Something like "darcs record" / "hg record" == Select changes to commit.
Stephen J. Turnbull
stephen at xemacs.org
Wed Jun 6 20:08:53 UTC 2012
Ben Finney writes:
> "Stephen J. Turnbull" <stephen at xemacs.org> writes:
>
> > >>>>> At some point Ben Finney wrote
> >
> > > Because of the above issue, I think Bazaar should not have the
> > > behaviour you describe.
> >
> > It seems to me that Ben's opinion is clearly opposed to the general
> > trend of Bazaar development, which is to allow users to develop their
> > own workflows and have Bazaar manage them conveniently. If Ben doesn't
> > like it, he can just resist the temptation to abuse it.
>
> Is there a reole for Bazaar to be opinionated on the matter?
Sure, but that would be stupid. It would alienate some users to no
purpose, because they can implement the same series of commits but at
unnecessarily high cost, by using shelve.
> To make different workflows possible, but to make the more destructive
> one (in this case, the one which encourages committing a working tree
> that the hacker has never actually had on disk) more difficult than
> doing it a more recommended way (‘bzr shelve’)?

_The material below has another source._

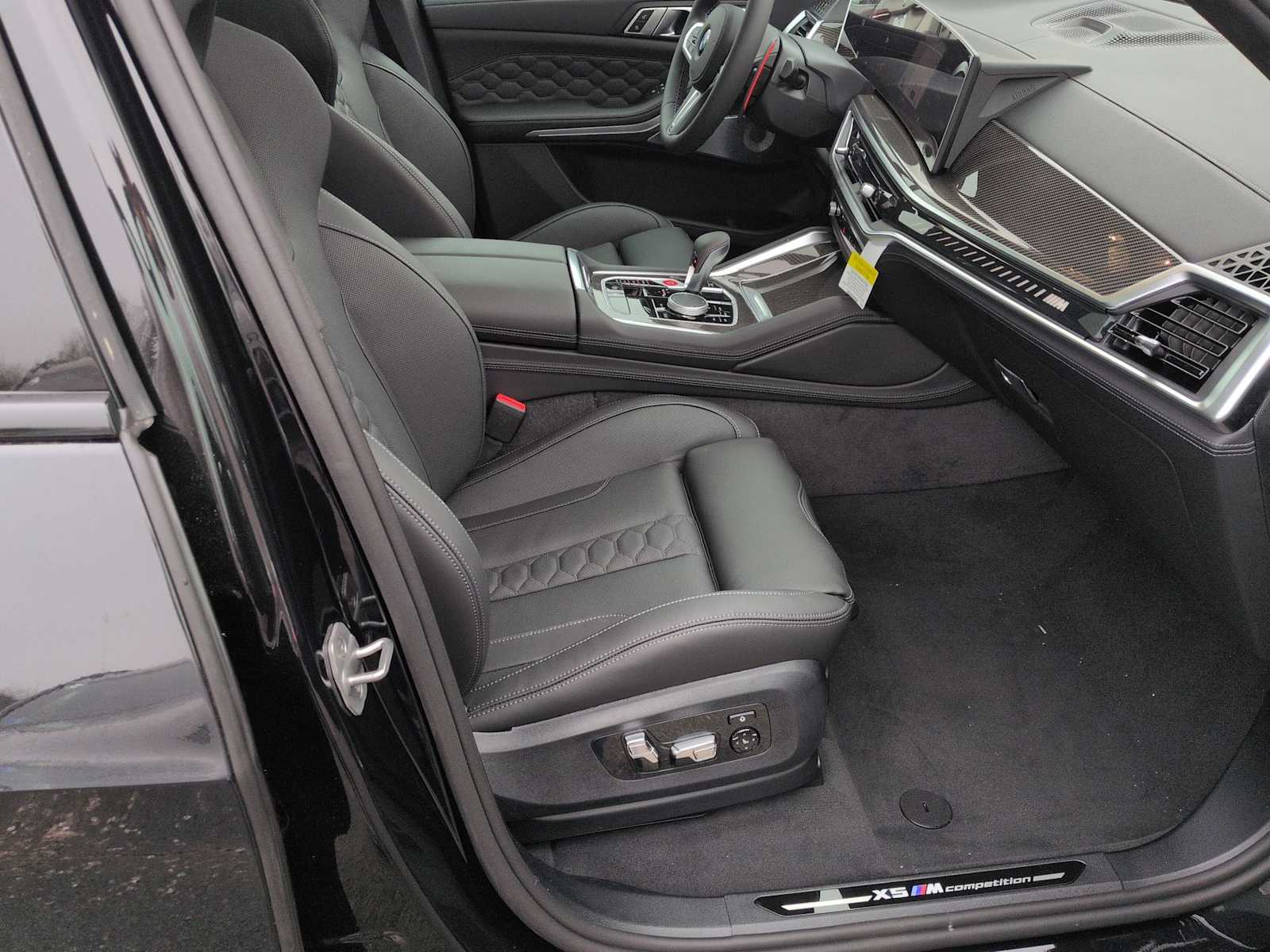 Thumbnail: 2026 BMW X5 - 24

Who cares what the hacker does or does not have on disk? The question
that matters is whether a particular version has ever been tested.
bzr shelve makes it easier for the hacker to do the testing manually,
but those who want interactive commit probably won't test the interim
version anyway. At least for me, a typical use case for a partial
commit (whether only of certain files, or something more fine-grained
as permitted by Darcs) is that I have an *untestable* change (such as
a typo fix or other documentation change irrelevant to my main task)
that I want to isolate in a separate changeset. (This use case has
been mentioned by others.)
A partial commit with interactive hunk selection is a very efficient
way to make such commits.
And if there's a buildbot tracking changes to the tree, the version
*will* exist on disk, just not on the hacker's disk, and *will* be
tested, just not by the hacker. Now what do you have to complain
about?
> It seems to me that this is the case with re-writing history, for
> example.
I could argue that, but let me just point out that the analogy is
broken. Recording history is bzr's responsibility, and it makes sense
for bzr to make it hard to lose history. Enforcing testing in a
workflow is not and never was bzr's responsibility.
> > As Pythonistas say, "we're all consenting adults around here."
> Pythonistas also say “There should be one – and preferably only one –
> obvious way to do it”. For the task at hand I think ‘bzr shelve’ is the
> one obvious way to do it.
No, once you've actually tried Darcs, Darcs-style interactive commit
is the obvious way to do it.
It's just that, unfortunately, bzr doesn't implement it yet.